Some wineries have taken this approach to a different level. Consumers may sign up to receive notification when they are allowed to purchase a set amount of a winery's wine (usually in increments of 3 bottles). Most wineries suggest this as a way to allow more customers access to the wine. In some cases, which continue to become rarer and rarer, there is a waiting list just to be added to the mailing list. For the most part, you can sign up and receive an offer right away for wineries that use allocation lists. Sometimes the amount of wine a winery will allow you to purchase is dependent on previous purchases; as you buy wine, more is offered to you in subsequent years.
In fact, a good portion of the wine I purchase is from a few California producers that utilize this path.
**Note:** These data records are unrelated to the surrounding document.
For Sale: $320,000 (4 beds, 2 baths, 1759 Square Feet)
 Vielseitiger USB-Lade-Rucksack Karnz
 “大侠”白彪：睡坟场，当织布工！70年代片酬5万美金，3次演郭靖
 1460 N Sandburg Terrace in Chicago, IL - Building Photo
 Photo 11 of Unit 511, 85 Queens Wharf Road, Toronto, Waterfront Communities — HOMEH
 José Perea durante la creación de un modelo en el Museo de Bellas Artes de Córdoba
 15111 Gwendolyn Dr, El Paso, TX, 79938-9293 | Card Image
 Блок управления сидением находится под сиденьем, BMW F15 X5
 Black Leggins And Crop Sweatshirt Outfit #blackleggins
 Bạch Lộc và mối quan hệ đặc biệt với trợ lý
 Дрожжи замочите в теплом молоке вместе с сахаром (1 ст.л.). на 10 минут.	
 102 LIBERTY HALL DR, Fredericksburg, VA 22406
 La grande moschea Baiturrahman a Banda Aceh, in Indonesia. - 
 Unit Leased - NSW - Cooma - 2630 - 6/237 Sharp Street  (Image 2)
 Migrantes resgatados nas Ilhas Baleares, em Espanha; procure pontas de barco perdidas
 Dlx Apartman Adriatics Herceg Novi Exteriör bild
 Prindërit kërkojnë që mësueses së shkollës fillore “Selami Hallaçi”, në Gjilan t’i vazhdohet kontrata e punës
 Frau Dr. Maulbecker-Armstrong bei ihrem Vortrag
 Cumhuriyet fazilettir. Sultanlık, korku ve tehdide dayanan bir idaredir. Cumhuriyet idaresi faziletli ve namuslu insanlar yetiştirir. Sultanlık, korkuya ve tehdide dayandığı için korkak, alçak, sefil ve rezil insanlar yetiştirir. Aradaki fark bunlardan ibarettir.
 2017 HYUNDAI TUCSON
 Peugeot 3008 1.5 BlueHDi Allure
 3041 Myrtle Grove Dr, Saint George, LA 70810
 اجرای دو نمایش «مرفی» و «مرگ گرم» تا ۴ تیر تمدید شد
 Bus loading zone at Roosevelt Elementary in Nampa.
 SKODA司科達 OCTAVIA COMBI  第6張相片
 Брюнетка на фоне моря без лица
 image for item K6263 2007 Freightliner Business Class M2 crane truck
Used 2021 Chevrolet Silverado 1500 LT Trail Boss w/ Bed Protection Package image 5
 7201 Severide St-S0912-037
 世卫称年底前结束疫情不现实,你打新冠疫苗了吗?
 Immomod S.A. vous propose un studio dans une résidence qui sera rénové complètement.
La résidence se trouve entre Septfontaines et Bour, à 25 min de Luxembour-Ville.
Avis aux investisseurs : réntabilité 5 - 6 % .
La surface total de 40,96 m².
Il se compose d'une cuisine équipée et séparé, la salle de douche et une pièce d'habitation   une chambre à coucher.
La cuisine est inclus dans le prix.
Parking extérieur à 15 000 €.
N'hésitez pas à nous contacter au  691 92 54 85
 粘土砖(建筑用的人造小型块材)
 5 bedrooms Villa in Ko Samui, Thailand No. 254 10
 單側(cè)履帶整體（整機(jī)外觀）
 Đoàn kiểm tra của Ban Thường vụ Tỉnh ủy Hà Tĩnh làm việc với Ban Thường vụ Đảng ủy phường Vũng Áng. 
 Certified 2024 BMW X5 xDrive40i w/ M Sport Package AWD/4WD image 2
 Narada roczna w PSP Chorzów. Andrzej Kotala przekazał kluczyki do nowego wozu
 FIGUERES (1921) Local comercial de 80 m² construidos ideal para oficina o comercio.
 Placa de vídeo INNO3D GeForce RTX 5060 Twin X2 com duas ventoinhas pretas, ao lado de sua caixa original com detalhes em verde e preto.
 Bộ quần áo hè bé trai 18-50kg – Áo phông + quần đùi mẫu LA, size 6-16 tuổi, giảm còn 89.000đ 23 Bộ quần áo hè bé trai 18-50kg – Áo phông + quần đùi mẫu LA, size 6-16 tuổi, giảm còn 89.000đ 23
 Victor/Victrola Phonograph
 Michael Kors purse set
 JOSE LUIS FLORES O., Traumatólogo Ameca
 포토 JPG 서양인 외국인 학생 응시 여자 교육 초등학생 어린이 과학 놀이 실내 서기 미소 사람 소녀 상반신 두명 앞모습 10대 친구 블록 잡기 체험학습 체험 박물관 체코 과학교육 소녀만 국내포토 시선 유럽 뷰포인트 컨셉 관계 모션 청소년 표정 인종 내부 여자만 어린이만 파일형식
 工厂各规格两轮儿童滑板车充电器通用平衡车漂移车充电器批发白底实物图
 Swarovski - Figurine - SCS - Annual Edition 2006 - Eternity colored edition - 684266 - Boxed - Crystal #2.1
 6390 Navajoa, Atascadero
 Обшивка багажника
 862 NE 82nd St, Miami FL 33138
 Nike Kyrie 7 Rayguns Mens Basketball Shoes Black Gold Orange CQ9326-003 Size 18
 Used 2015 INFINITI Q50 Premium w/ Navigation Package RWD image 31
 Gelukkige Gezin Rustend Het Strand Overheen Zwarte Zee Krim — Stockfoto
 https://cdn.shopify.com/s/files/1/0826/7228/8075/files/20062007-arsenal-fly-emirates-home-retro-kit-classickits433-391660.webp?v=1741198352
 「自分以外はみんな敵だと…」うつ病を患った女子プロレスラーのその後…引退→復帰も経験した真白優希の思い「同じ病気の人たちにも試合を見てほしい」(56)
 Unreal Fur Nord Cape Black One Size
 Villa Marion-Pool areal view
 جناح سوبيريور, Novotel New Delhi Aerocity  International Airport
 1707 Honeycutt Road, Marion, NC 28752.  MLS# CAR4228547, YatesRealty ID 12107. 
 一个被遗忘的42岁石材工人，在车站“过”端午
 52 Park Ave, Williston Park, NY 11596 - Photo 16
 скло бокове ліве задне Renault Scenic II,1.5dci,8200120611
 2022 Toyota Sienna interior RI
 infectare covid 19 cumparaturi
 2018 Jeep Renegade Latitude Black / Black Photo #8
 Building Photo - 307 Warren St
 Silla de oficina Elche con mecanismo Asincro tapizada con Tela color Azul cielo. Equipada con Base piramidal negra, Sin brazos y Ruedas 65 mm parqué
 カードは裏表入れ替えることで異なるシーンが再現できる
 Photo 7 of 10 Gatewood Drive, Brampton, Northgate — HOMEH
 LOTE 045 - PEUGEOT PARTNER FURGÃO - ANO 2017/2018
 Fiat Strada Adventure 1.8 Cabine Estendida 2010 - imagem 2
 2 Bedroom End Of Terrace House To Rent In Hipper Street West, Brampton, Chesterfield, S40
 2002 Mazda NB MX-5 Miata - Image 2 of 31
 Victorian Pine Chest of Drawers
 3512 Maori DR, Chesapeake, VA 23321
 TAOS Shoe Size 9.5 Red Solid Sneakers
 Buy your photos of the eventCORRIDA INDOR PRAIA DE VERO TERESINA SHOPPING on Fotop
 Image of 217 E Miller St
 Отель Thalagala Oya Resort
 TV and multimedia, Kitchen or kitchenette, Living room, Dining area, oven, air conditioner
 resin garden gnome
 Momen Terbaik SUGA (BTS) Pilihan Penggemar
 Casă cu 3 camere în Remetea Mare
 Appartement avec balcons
For the most part I can expect an email the same time every year notifying me that my allocation is available. I've actually been doing this for six years now. Looking back through my email archives, my first mailing list purchases were in March of 2010. Along the way, lists have come and gone depending on if I enjoy the wine, if wineries raise their prices too much and as I find new wineries I prefer more. I have found Wineberserkers.com is a great avenue to find new and interesting producers. I wish I had the income to purchase wine from all the wineries I would like to purchase!
|Derenoncourt 2006 Red Hills Vyd|
I decided to open this 10-year old Cabernet Sauvignon to have with grilled ribeye steaks the other night. The grapes sourced for this wine come from the Beckstoffer Red Hills Vineyard - the same Beckstoffer of ToKalon fame in Napa. The wine's color is still deep with it starting to change into a more brickish red. Only on the nose can you start to tell that this is a 10-year old wine. Secondary characteristics of cedar and leather are more prominent than the dried fruit aromas. There is good complexity on the palate with flavors of tobacco, carob, dried cherries and currants. I don't think this is going to improve any more with time, but it is already pretty damn tasty. The last bottle of the 2006 awaits me sometime in the future, but I have a few more bottles of subsequent vintages as well. An interesting thing about this wine is that the label is actual linen. Does that make the wine any better, no, but it sure does look cool.